__Extracted records__:
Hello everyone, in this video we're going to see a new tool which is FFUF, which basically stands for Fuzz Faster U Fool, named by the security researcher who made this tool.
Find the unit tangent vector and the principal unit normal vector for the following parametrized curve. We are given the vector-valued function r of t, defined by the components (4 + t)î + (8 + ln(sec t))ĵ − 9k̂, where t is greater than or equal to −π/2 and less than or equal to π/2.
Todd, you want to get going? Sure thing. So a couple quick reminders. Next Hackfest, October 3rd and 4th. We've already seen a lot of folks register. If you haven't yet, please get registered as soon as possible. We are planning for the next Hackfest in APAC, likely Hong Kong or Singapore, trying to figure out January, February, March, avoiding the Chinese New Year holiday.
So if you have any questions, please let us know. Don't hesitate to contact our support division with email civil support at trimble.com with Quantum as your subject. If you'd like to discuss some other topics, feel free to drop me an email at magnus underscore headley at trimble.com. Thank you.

* * *

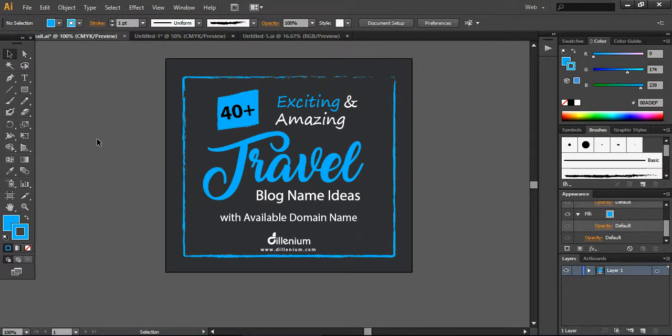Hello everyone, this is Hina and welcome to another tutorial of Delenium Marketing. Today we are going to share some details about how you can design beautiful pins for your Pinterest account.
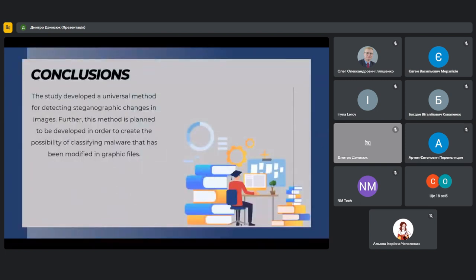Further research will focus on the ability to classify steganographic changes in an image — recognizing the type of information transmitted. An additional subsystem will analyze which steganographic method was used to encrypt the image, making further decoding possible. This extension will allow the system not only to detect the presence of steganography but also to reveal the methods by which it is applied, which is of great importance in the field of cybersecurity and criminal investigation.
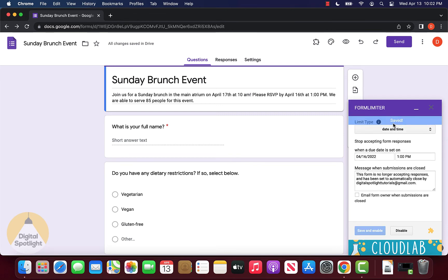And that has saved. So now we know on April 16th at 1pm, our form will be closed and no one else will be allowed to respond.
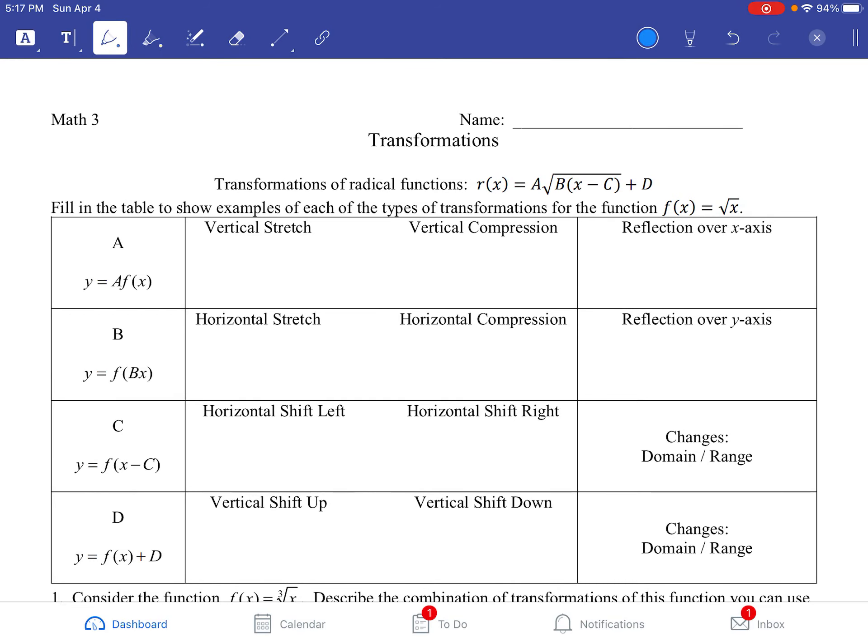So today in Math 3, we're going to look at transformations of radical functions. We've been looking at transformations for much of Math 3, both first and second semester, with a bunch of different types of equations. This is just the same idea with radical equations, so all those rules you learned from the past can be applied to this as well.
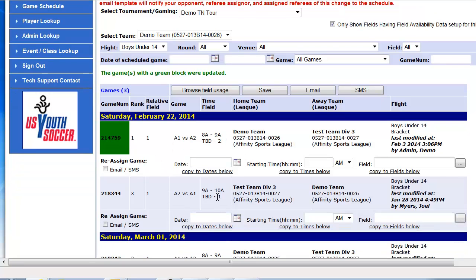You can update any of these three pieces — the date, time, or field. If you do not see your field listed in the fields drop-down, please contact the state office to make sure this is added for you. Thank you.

__Exercise requirements__: Above are the records. Copy word for word only their lines from the one holding "Further research will" through the one holding "And that has", both included, and skip the images.

__The answer__:
Further research will focus on the ability to classify steganographic changes in an image — recognizing the type of information transmitted. An additional subsystem will analyze which steganographic method was used to encrypt the image, making further decoding possible. This extension will allow the system not only to detect the presence of steganography but also to reveal the methods by which it is applied, which is of great importance in the field of cybersecurity and criminal investigation.
And that has saved. So now we know on April 16th at 1pm, our form will be closed and no one else will be allowed to respond.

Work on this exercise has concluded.